You seem to be suggesting that the only way open-source can be safe or useful is if everyone evaluates every line of code they use. That's silly, of course. Open source can be safe and useful as long as enough people evaluate enough of the code. And given the number of random patches (some good, some bad) that the Debian project alone receives on a daily basis, I can assure you that a lot of people our there are reading a lot of code.

Of course, I don't personally need to evaluate every line of code in a project as long as I know (and I do) that there are others out there like me who at least do spot inspections. A little pro-active inspection up-front to give yourself at least a basic idea of how the code works can save a lot of grief further on down the line. I count it time well spent.
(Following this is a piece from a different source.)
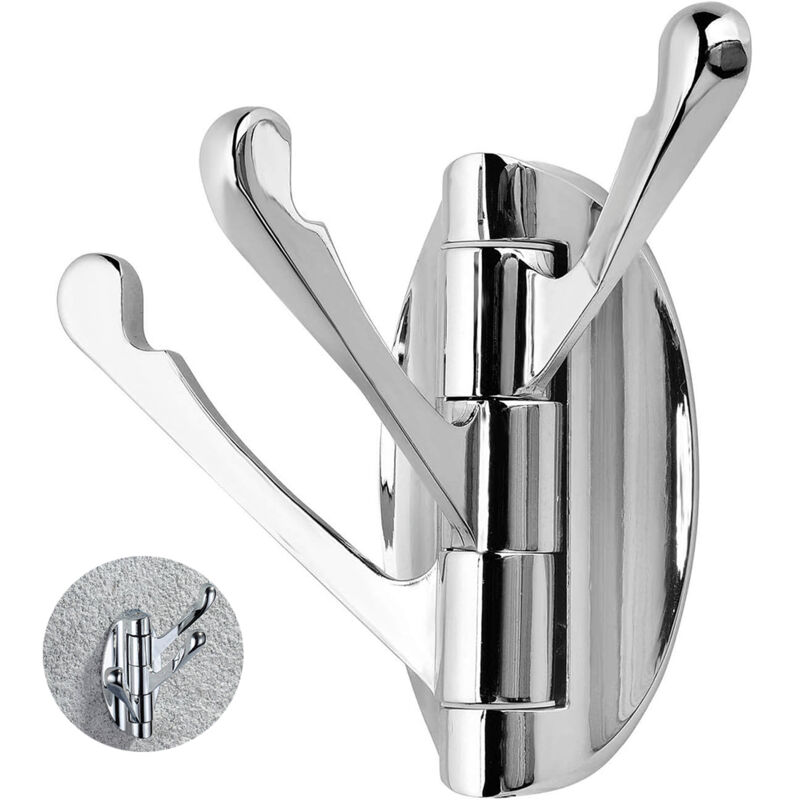 Csparkv - Porte-manteau Mural Pivotant en Acier Inoxydable avec 3 Bras Pliable, Cintre Suspendu/Patère/Porte-Serviette à Rotation 180°(argent)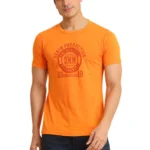 Generic Men's Casual Cotton Printed Round Neck Half Sleeve T-Shirt (Rust)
With proprietary code there are someone I can call and they are by contract obliged to fix problems within a certain time frame. That has nothing to do with the code being "proprietary", and everything to do with having a support contract. Do you imagine that companies using open-source don't have support contracts?
Have you ever even considered just how bloody huge the code base is for something like a database? What does that have to do with anything? I've seen tiny projects that were incomprehensible messes of tangled spaghetti code, and huge projects that were clearly and cleanly laid out, well organized, and a piece of cake to maintain, support, study and evaluate. Frankly, I'll take the latter over the former anyday. It's not about the size of the code base, it's about the structure and organization.
Also as a developer I got enough to do creating my own applications [...] Ah, well if you're the kind of developer who works in complete isolation on your own projects with no interaction with anyone else, I can understand your point of view. But that kind of development is pretty rare these days. Most of us work on teams, and evaluating other people's code is an almost-daily part of the job. The majority of that, at least in my case, involves code reviews (formal or informal) for other people in the company, but our code reviews are by no means limited to in-house code. We take more care with our own code because we know that we're the only eyes on it, but that doesn't mean we're foolish enough to assume that all third-party code is perfect and flawless.